X_train, X_test, y_train, y_test = train_test_split(X, y, test_size=0.2, stratify=y, random_state=45)

In [None]:
print(X.shape, X_train.shape, X_test.shape)

In [None]:
print(y.shape, y_train.shape, y_test.shape)

### Model Comparison : Training & Evaluation

In [None]:
models = [LogisticRegression, SVC, DecisionTreeClassifier, RandomForestClassifier]
accuracy_scores = []
precision_scores = []
recall_scores = []
f1_scores = []

for model in models:
    classifier = model().fit(X_train, y_train)
    y_pred = classifier.predict(X_test)
    
    accuracy_scores.append(accuracy_score(y_test, y_pred))
    precision_scores.append(precision_score(y_test, y_pred))
    recall_scores.append(recall_score(y_test, y_pred))
    f1_scores.append(f1_score(y_test, y_pred))

In [None]:
classification_metrics_df = pd.DataFrame({
    "Model": ["Logistic Regression", "SVM", "Decision Tree", "Random Forest"],
    "Accuracy": accuracy_scores,
    "Precision": precision_scores,
    "Recall": recall_scores,
    "F1 Score": f1_scores
})

classification_metrics_df.set_index('Model', inplace=True)
classification_metrics_df

### Inference

In the context of Wine Quality Prediction, four machine learning models were evaluated: Logistic Regression, SVM, Decision Tree and Random Forest. Among these, **Random Forest performed the best** with the highest accuracy of 92.50% and a respectable F1 score of 68.42%. It excelled in precision, making it reliable in identifying high-quality wines. However, **all models struggled with recall**, indicating potential difficulties in recognizing all high-quality wines.
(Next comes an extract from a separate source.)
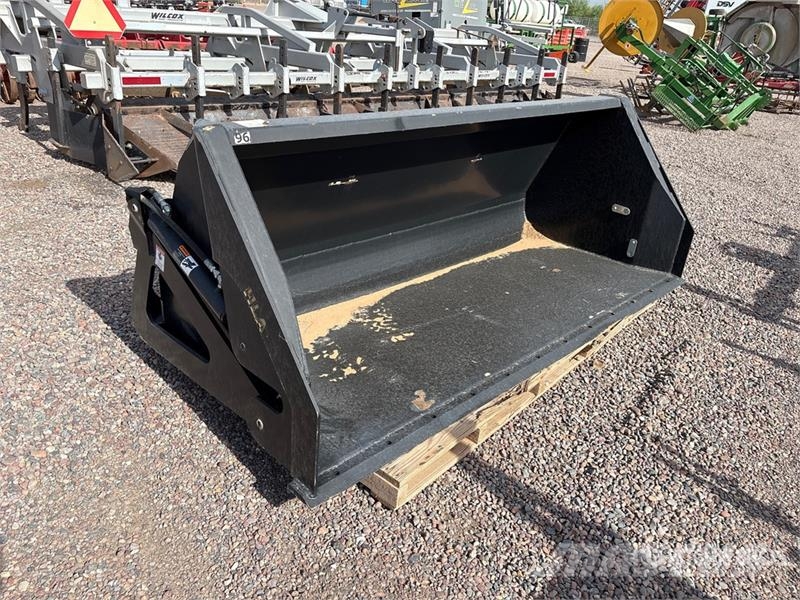 HLA HY96BO500 96 in 40.3 cyd Hydraulic Tilt Ag Tractor Overige accessoires voor tractoren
Decision Tree exhibited a balanced trade-off between precision and recall, making it a strong contender for practical applications. The choice of model should align with the specific objectives, emphasizing precision (Random Forest) or comprehensive identification (Decision Tree) of high-quality wines.

**`Note:`** The choice of model should align with the specific objectives, emphasizing precision (Random Forest) or comprehensive identification (Decision Tree) of high-quality wines. Further model evaluation and fine-tuning may be necessary to optimize performance for the specific business goals.